When considering how to run your newly developed application, there is no getting around Kubernetes. But what exactly does that mean and what are the options for running an application in Kubernetes?

Kubernetes (K8s for short, since there are 8 letters between the "K" and the "s" of Kubernetes) was developed by Google in 2014 and released as an open source project.

It was designed to solve the problem of managing a container environment.

Kubernetes allows developers to manage and deploy their applications in a unified way, regardless of the infrastructure on which they are running.

f one decides to run one's application in Kubernetes, then one should design that application accordingly. Among other things, you should write the logs to stdout and do without configuration files. It is better to use environment variables.

Kubernetes Architecture

Kubernetes is built on the so-called master-worker principle.

Master nodes, whether one or more, are responsible for managing the worker nodes and pods in the cluster, as well as monitoring the pods, checking whether scaling tasks are necessary and whether all components are "healthy".

The worker nodes run the applications that have been deployed to the cluster.


Advantages of Kubernetes

Kubernetes offers several advantages over traditional monolithic applications:

  • By relying on containers with Kubernetes, you need significantly fewer resources to run the application.
  • Kubernetes can take over the complete scaling of the application.
  • Because Kubernetes is completely open source, you can run it anywhere, whether in the cloud or in your own data center, whether on virtual machines or on bare metal machines.

How to deploy Kubernetes

On Prem

There are many different options in your own data center, you can use Suse Rancher or do everything yourself with Ansible. Running Kubernetes yourself involves a relatively large amount of effort, so a self-hosted Kubernetes is rarely recommended. Most likely, if there are regulatory reasons why you are not allowed to go to the cloud.

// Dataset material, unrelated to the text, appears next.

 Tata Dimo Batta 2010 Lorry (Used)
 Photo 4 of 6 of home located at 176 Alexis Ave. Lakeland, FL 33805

All major cloud providers offer managed Kubernetes:

  • Google Cloud: GKE (Google Kubernetes Engine)
  • Azure: AKS (Azure Kubernetes Service)
  • AWS: EKS (Elastic Kubernetes Service)

The big advantage of a managed Kubernetes cluster is that you no longer have to worry about provisioning the nodes.

Likewise, cloud providers offer a simple tool to update the clusters. Before updating, you should use a tool such as kube-no-trouble to check whether you are using deprecated APIs that may be removed in the new version.

You book a control plane (the master node), then you have the choice which mode the worker nodes have. With AWS, for example, you can choose between EC2 and Fargate Mode.

The difference between these modes is that Fargate Mode is a serverless approach. You don't have your own servers, but your own workload runs on a shared server in the background.

EC2 mode automatically creates and terminates AWS EC2 instances on demand.

Another advantage of Managed Kubernetes is the complete integration into the cloud landscape of the respective provider. If you deploy a Kubernetes service with the type "LoadBalancer" in an EKS cluster, you get an AWS network load balancer, with the Kubernetes object Ingress you get an application load balancer.

While it is very costly to ensure high availability and reliability with a self-hosted Kubernetes cluster, you can get around this problem with cloud providers by deploying the cluster in multiple Availability Zones (AZs) in a region.

At this point, one is not yet at the end of deciding on the use of Kubernetes (pros & cons). The key is to consider how one wants to approach Kubernetes per se. Do you want to host it yourself? If not, with which cloud provider? Do you want to manage the nodes yourself or just define your resources in Kubernetes?

Personally, I can only recommend Kubernetes, as I have not experienced it before how to manage and scale a container environment so easily. Not for nothing Kubernetes is the number one container orchestration tool!